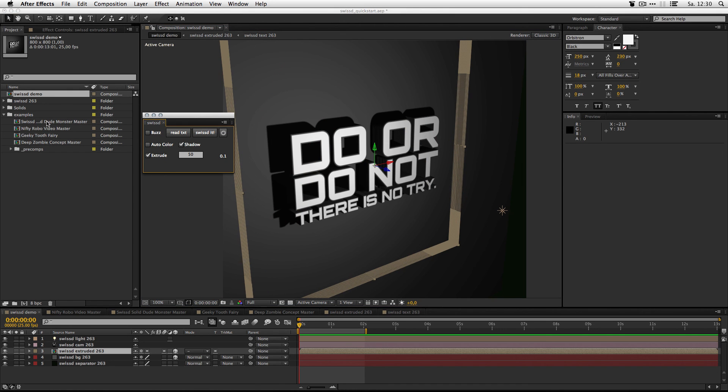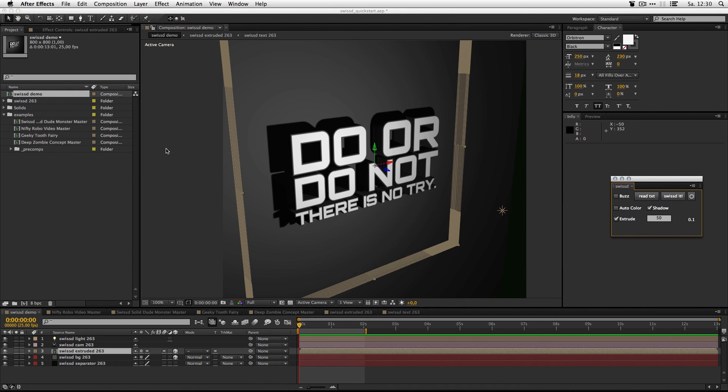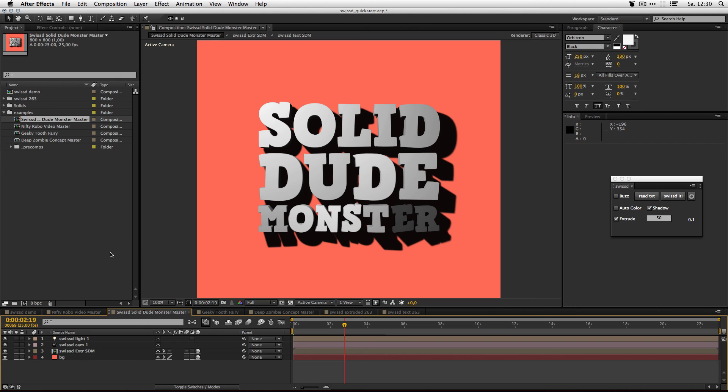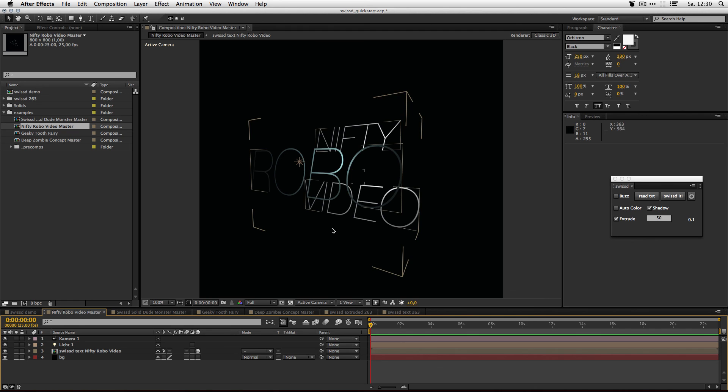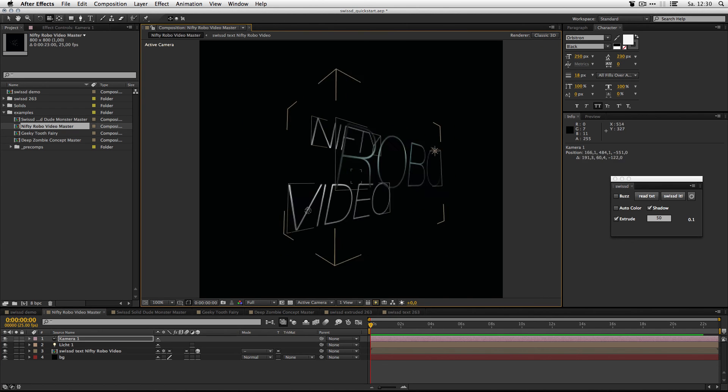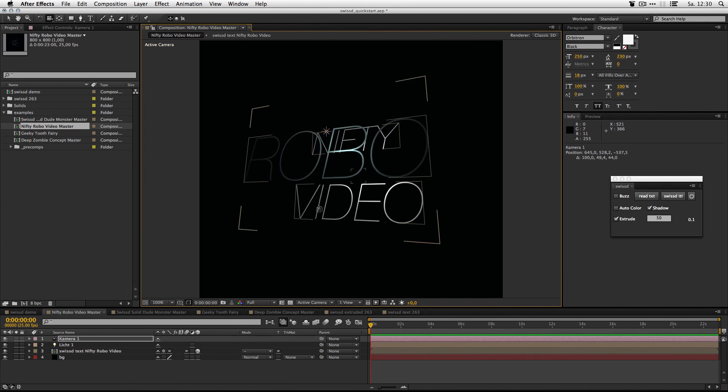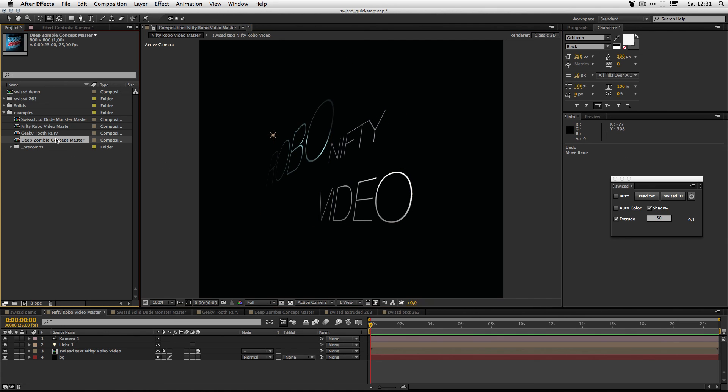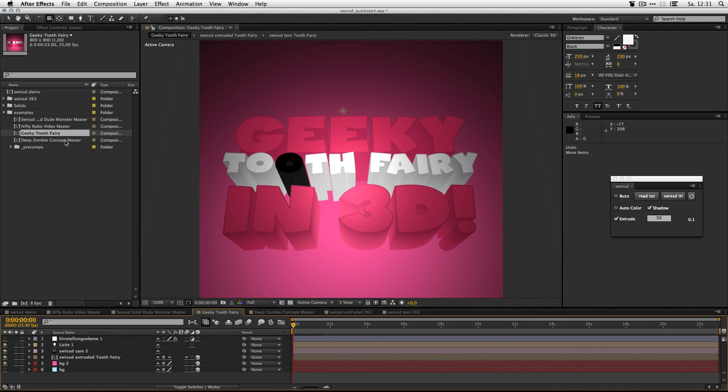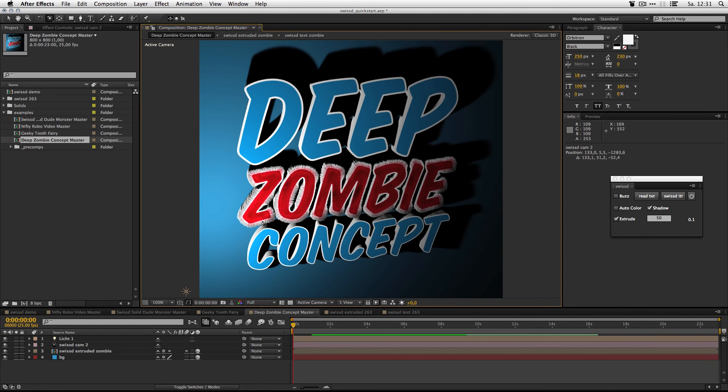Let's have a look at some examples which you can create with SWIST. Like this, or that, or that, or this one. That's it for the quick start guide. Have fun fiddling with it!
******************************
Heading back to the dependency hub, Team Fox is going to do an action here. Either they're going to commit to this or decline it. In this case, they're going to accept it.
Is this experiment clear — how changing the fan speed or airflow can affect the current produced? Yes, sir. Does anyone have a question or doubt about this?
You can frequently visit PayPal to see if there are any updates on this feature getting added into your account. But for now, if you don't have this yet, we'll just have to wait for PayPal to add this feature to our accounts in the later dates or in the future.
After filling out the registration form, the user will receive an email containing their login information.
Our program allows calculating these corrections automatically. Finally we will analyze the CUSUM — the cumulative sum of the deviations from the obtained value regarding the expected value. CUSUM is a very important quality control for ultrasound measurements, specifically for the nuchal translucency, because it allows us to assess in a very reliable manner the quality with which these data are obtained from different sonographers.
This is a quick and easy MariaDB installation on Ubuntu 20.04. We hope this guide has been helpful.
******************************
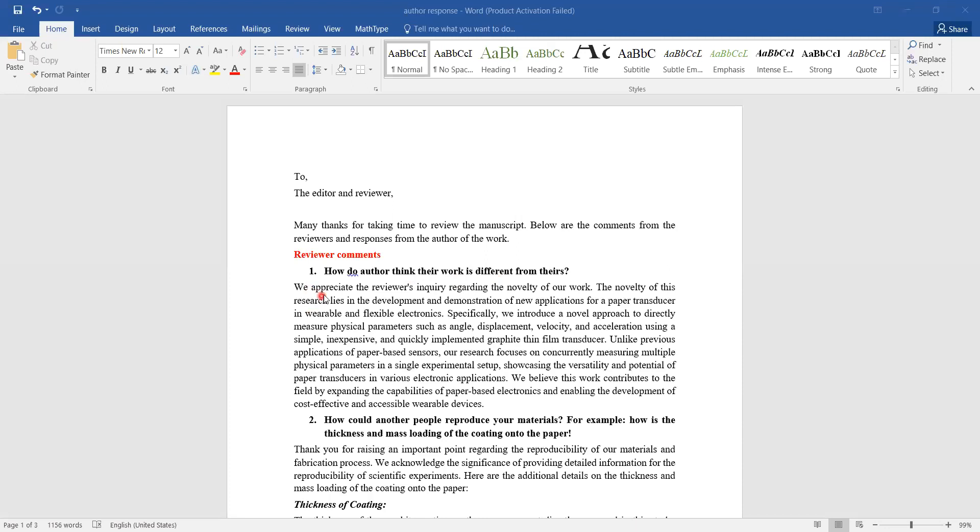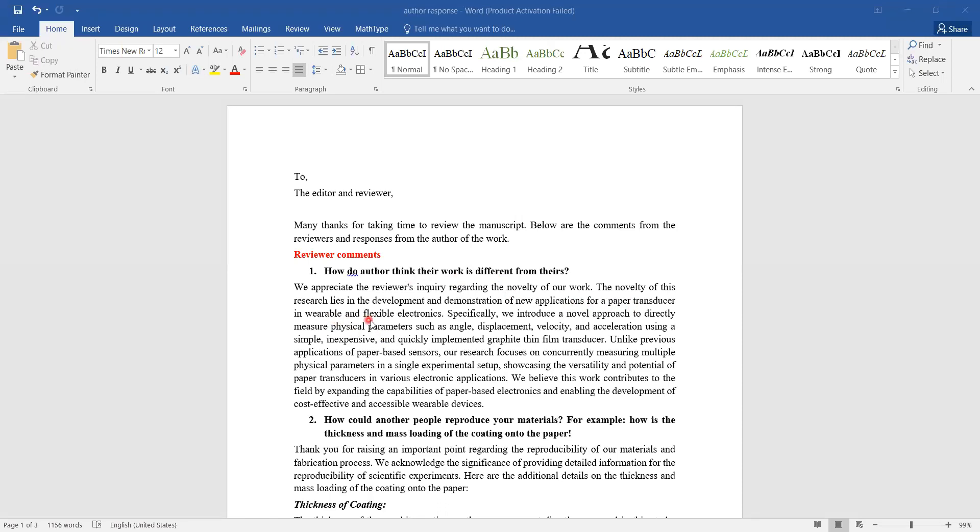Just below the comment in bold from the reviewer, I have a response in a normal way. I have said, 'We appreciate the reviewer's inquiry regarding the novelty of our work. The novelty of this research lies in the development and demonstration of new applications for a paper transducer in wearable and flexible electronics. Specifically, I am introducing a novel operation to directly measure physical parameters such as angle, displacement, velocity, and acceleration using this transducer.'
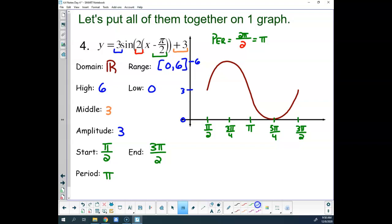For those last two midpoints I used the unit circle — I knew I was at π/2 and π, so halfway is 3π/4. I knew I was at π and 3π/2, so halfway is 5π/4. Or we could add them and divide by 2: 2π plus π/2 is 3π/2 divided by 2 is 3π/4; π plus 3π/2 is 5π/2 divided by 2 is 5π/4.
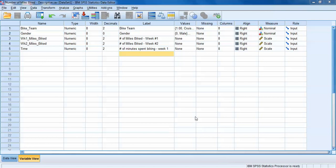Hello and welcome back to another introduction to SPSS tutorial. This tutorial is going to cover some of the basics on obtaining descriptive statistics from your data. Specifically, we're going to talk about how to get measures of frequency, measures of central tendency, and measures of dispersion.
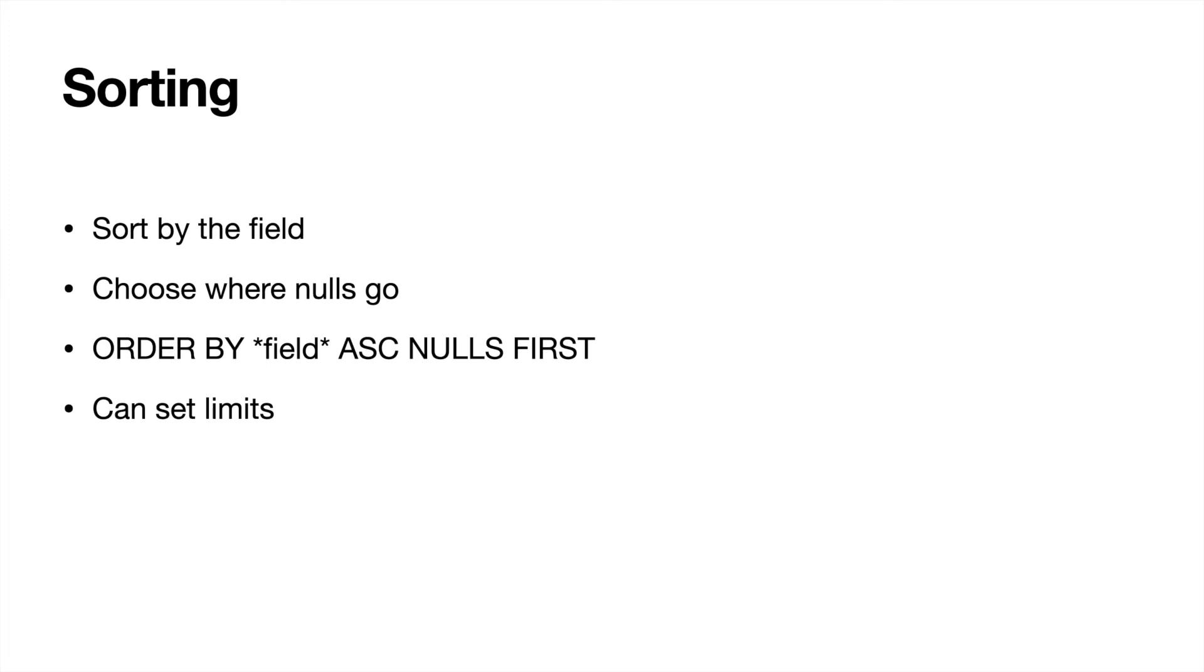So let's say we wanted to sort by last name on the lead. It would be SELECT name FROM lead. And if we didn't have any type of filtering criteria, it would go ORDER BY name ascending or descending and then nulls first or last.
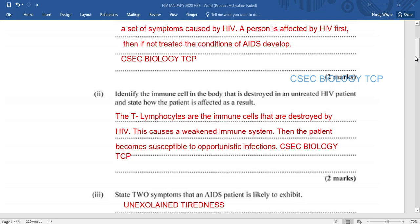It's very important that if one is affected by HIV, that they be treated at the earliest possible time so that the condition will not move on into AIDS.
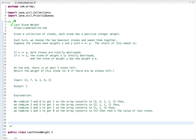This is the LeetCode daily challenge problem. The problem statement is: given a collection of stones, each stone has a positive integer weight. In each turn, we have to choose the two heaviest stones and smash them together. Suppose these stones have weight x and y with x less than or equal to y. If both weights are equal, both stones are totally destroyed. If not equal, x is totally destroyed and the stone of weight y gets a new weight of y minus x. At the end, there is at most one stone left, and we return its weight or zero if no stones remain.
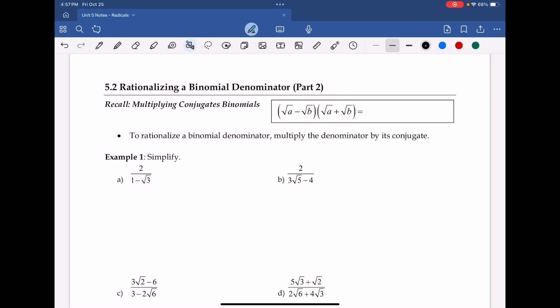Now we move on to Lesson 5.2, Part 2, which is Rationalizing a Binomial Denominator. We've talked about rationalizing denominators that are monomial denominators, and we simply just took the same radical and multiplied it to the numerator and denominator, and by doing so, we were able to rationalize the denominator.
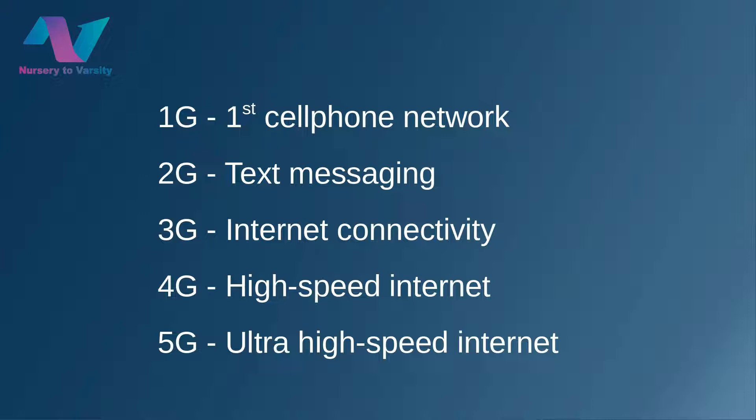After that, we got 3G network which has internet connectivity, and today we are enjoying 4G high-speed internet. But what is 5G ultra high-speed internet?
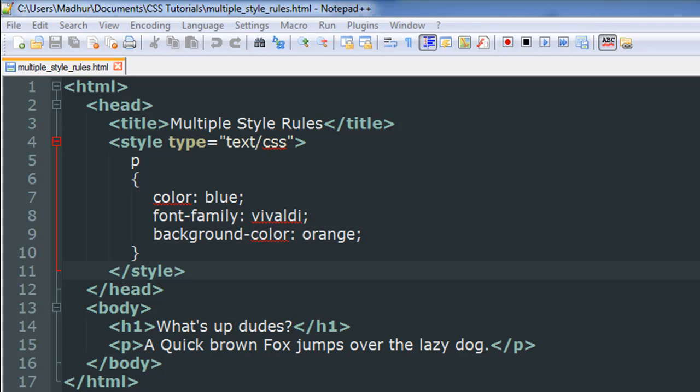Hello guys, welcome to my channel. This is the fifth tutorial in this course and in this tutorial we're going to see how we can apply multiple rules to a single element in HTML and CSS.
******************************
● **To do**
Everything above from the line containing "Is this experiment" through the line containing "Our program allows" must be copied exactly. Nothing outside that range belongs in the answer.

● **Response box**
Is this experiment clear — how changing the fan speed or airflow can affect the current produced? Yes, sir. Does anyone have a question or doubt about this?
You can frequently visit PayPal to see if there are any updates on this feature getting added into your account. But for now, if you don't have this yet, we'll just have to wait for PayPal to add this feature to our accounts in the later dates or in the future.
After filling out the registration form, the user will receive an email containing their login information.
Our program allows calculating these corrections automatically. Finally we will analyze the CUSUM — the cumulative sum of the deviations from the obtained value regarding the expected value. CUSUM is a very important quality control for ultrasound measurements, specifically for the nuchal translucency, because it allows us to assess in a very reliable manner the quality with which these data are obtained from different sonographers.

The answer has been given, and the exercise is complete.